Labels: dreams, lookism, psychobabble, venting
6:04 AM #Comments:
A friend of mine who's overweight says that a lot of people like her because fat people are cuddly and unthreatening, and she resents that. So I suppose you can see your issue from the other side...# posted by : 11:05 AM
I think you just articulated (beautifully) all of my neuroses/thoughts/concerns about my weight and age. Sweet Fancy Moses was that refreshing to read. Thank you.
# posted by Jane : 12:09 PM
Elle: I've heard that point of view before, but never witnessed it first-hand. The closest I've seen to that is when pretty, insecure girls who only value themselves as sex objects are friends with fat girls, presumably because the fat girls aren't competition. Would your friend say that people treat her less respectfully because she's non-threatening, do you think?
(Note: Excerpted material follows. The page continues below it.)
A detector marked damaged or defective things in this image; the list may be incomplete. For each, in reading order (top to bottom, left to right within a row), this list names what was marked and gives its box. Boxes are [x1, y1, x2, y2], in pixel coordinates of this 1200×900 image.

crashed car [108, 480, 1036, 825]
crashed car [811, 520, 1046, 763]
Jane: That's what I'm here for. :)
# posted by Gwen : 7:12 PM
I sometimes think about doing WW again, because it really worked for me a couple of years ago. I lost just over 50lbs and only backslid about 15 since then. But I'm a huge clotheshorse and love, love, love the wardrobe I've built up. Moving put me into debt and I know I couldn't afford to buy new clothes. It's a dumb reason to stay fat, but there you go.
# posted by Kaijsa : 1:29 PM
That is exactly how I feel about losing weight! Although the harassment is partly since I take public transit and come into contact with lots of people, there is enough of it that I don't want to lose weight if that is going to make things worse.
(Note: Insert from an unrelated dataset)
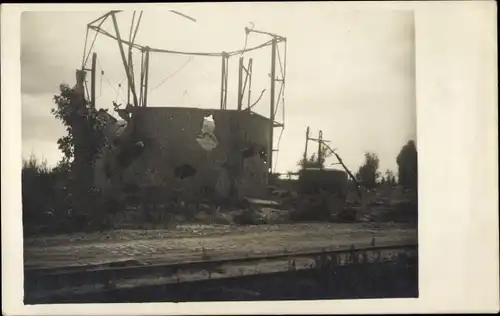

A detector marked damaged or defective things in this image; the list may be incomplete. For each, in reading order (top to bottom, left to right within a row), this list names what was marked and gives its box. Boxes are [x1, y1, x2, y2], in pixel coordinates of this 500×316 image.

And I don't think I could ever date someone who knew me when I was fat, but didn't act interested until I was thin.
It's nice to know that other people think the same way.
# posted by : 7:15 PM
Hey! I haven't been around in a while and I swear every time I come back and read you and play catch up you crack me up so much. Good to hear things are going well and that you can write about things you couldn't before.
# posted by ShoeGirl : 11:27 AM
Oh and the part that cracks me up is the dream about the broken hand.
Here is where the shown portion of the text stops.